Most New Yorkers don’t even know it’s there. Hart Island, near the popular summer spot City Island, is one of the world’s largest cemeteries, and the U.S.’s largest potter’s field, where the indigent and unidentifiable have been buried en masse since just after the Civil War. Inmates from Riker’s Island perform the burials, at a rate of some 2,000 per week; there are more than 800,000 buried here altogether, three-deep in cheap wooden boxes, in long trenches that cover more than half the island. At one time the island also housed a prison, a boys’ workhouse, a Nike Ajax nuclear missile silo, and for four months in 1865, it was a prisoner of war camp used to house captured Confederate Troops, more than 250 of whom died and were buried here. The only grave with a marker is that of an unnamed baby who died in 1980, New York City’s first AIDS casualty, buried in isolation.

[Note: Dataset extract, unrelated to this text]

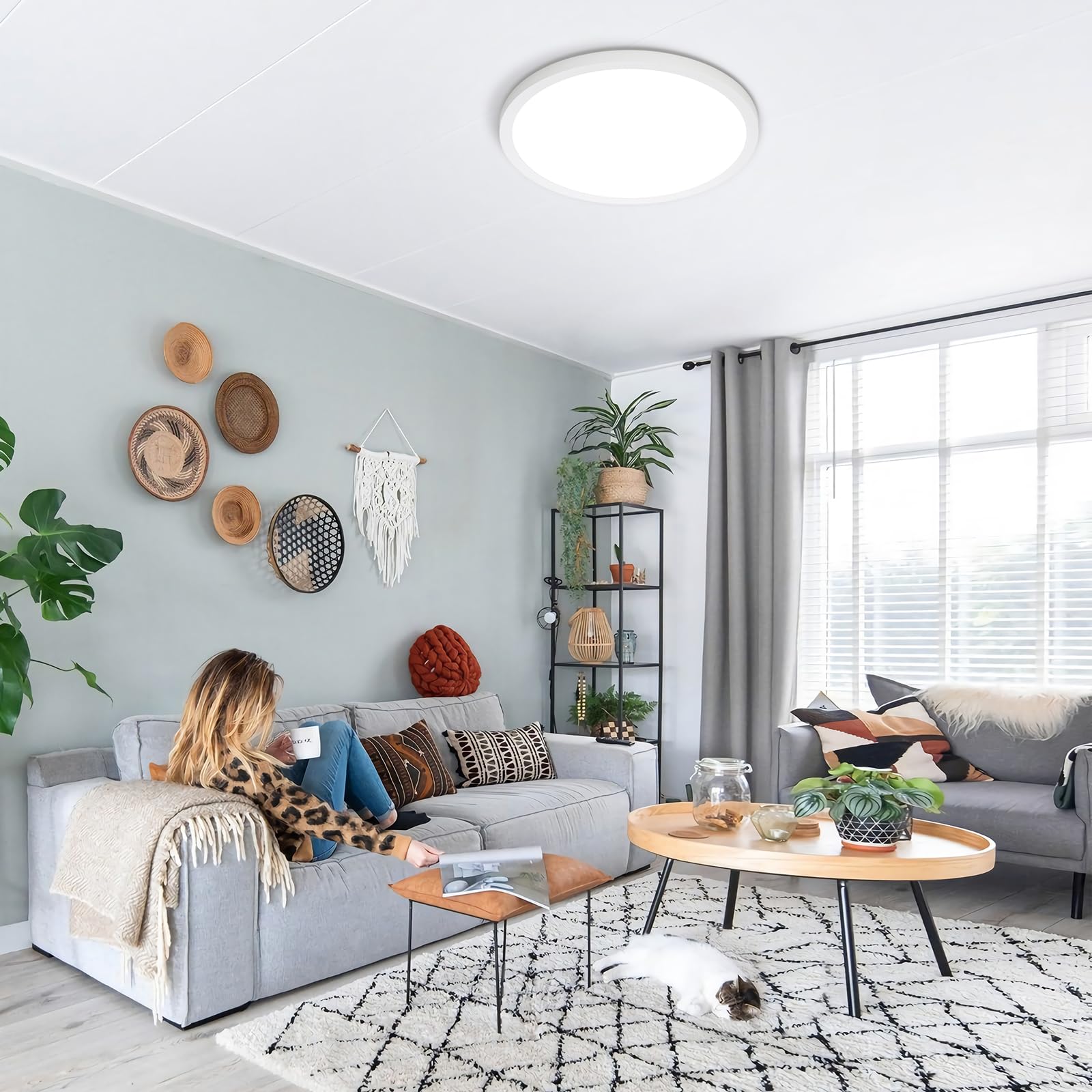 SunRider 85+ CRI renders colors vividly for true-looking surfaces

Unless you have a relative buried on the island, you can’t go there, so very few people ever get to see it for themselves. In 1978, a news crew visited the island for a day, and came away with a nice piece and some great footage of some buildings that don’t exist anymore, and of prisoners on burial detail — check out the way they throw the infants’ coffins to one another.
Photo by Joel Sternfeld, from his book about the island.

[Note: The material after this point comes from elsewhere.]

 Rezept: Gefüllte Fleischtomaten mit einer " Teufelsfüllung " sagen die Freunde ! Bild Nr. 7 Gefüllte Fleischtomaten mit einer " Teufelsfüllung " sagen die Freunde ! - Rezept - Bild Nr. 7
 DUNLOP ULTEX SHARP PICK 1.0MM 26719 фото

I saw a movie on Scy-Fy (how I hate typing that) called “Island of the Dead” fro 2000 that appears to be based on this place if not filmed there.
posted by Fred on 3-29-2010 at 10:21 am
And maybe this movie as well:
http://en.wikipedia.org/wiki/Children_Shouldn%27t_Play_with_Dead_Things
posted by Romeo Vitelli on 3-29-2010 at 12:18 pm
I would love to know what happened to the seats from Ebbets Field or if they are still on the island.

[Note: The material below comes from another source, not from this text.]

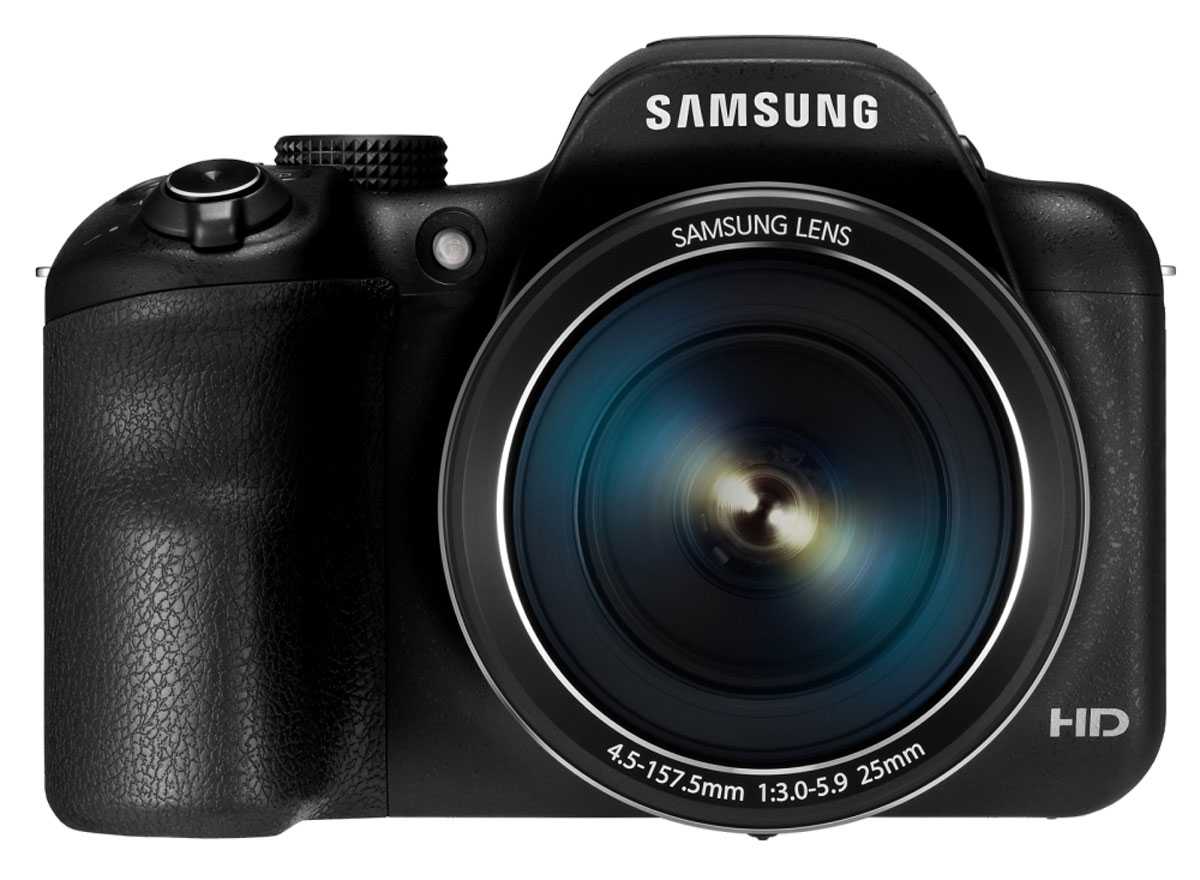 Компактный фотоаппарат samsung wb 1100 f black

posted by Jay on 3-29-2010 at 12:40 pm
Is this the also the spot that everyone was burried in the final scenes of Gangs of New York?
The movie was just on over the weekend and the “grave point of veiw” showing the changing New York skyline is pretty powerful.
posted by Tyler on 3-29-2010 at 12:51 pm
Patricia Cornwell referred to this place in one of her books (Potter’s Field, I suppose)… I didn’t know it was a real place until reading this post. Interesting video!
posted by ann on 3-29-2010 at 2:44 pm
It’s also where the climax of “Don’t Say A Word” with Michael Douglas & Brittany Murphy took place. I remember it being pretty creepy.
posted by Lucy on 3-29-2010 at 2:57 pm
Couple of questions, just in case anyone knows… first of all, did I understand correctly that they recycle the burial ground every 25 years? Not sure how that would work, unless they’re taking a no-embalming, dust-to-dust approach.
Also, if you identify a relative and claim the body… how? What if they’re
in the middle of the trench, three layers down?
Not major questions, but I we _flossers are an eclectic enough bunch that there might be somebody out there who knows the answer. ;-) Great article!
My creepy reCaptcha: serious memory
posted by Roger on 3-29-2010 at 3:11 pm
Roger, according to Wikipedia, they “allow for sufficient decomposition” before they bury more people in the same trenches. (I couldn’t find the original source for that, however).
Interesting article – it’s sad to think of not only the nameless people who are buried there, but also the ones who simply can’t afford another form of burial.
posted by Sara on 3-29-2010 at 6:19 pm
What an anomalous name Hart island and the people working there seem to be heartless1
posted by Roly on 3-30-2010 at 5:38 am
Thanks Sara!!!
posted by Roger on 3-30-2010 at 4:50 pm
Gosh, this video is over 35 years old!